How To Use This Site




How To Use This Site


This blog was updated on a daily basis for about two years, with those daily entries ceasing on December 31, 2013. The blog is still active, however, and we hope that people stopping in, who find something lacking, will add to the daily entries.

The blog still receives new posts as well, but now it receives them on items of Wyoming history. That has always been a feature of the blog, but Wyoming's history is rich and there are many items that are not fully covered here, if covered at all. Over time, we hope to remedy that.

You can obtain an entire month's listings by hitting on the appropriate month below, or an individual day by hitting on that calendar date.
Use 2013 for the search date, as that's the day regular dates were established and fixed.

Alternatively, the months are listed immediately below, with the individual days appearing backwards (oldest first).

We hope you enjoy this site.

Saturday, March 30, 2013

March 30

1889  Butch Cassidy participates in a bank robbery in Denver with the McCarty brothers.

1891  The Shoshone National Forest was set aside by President Benjamin Harrison as the Yellowstone Park Timberland Reserve.

1909. On this day, the U.S. Army abandoned Ft.

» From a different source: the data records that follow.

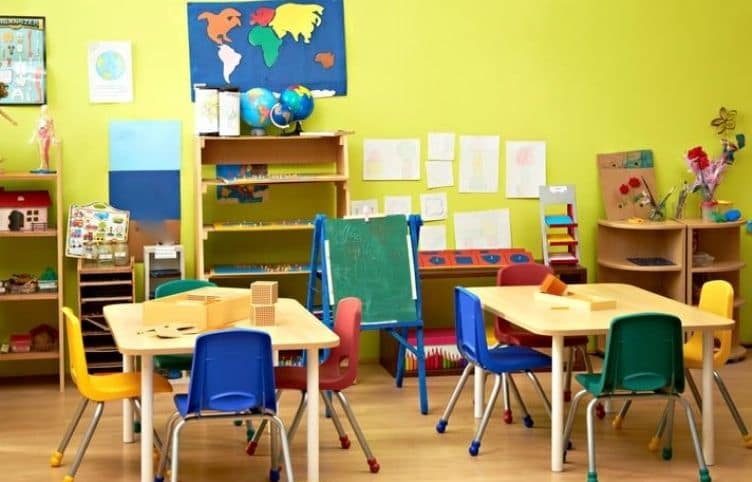 Colourful preschool tables with chairs and things for education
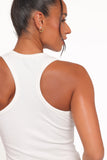 Miles Racerback Rib Knit Tank Top White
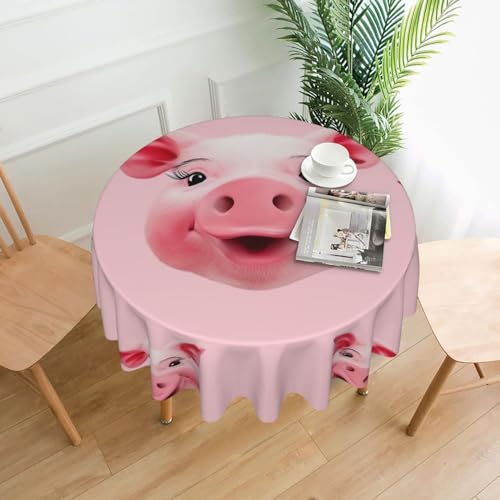 CSGJMYGS Tischdecke mit lustigem Schweinegesicht, auslaufsicher, wasserfest, dekorative Stoff-Tischdecke für Zuhause, Küche, Innen- und Außenbereich, Esstisch, 152,4 cm CSGJMYGS Tischdecke mit lustigem Schweinegesicht, auslaufsicher, wasserfest, dekorative Stoff-Tischdecke für Zuhause, Küche, Innen- und Außenbereich, Esstisch, 152,4 cm von CSGJMYGS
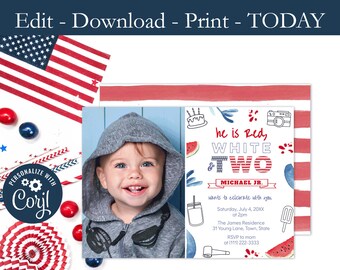 Printable Red White TWO Photo Invitation, 2nd Birthday Party Picture Invite, Red White Blue, Independence Day, Digital Download, PDF Jpg png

Washakie. The post had previously been also known as Camp Brown and Camp Augar.. The post had lately been a 9th Cavalry post.

The facilities for the post remain in large part today, having gone over to the Bureau of Indian Affairs. Ft. Washakie, the town, is the seat of government for the Wind River Indian Reservation. The structures provide good examples of the period stone construction used by the Army at that time.


Ft. Washakie during a visit by President Arthur in 1883.


Some former cavalry structures at Ft. Washakie now in use as industrial or storage buildings.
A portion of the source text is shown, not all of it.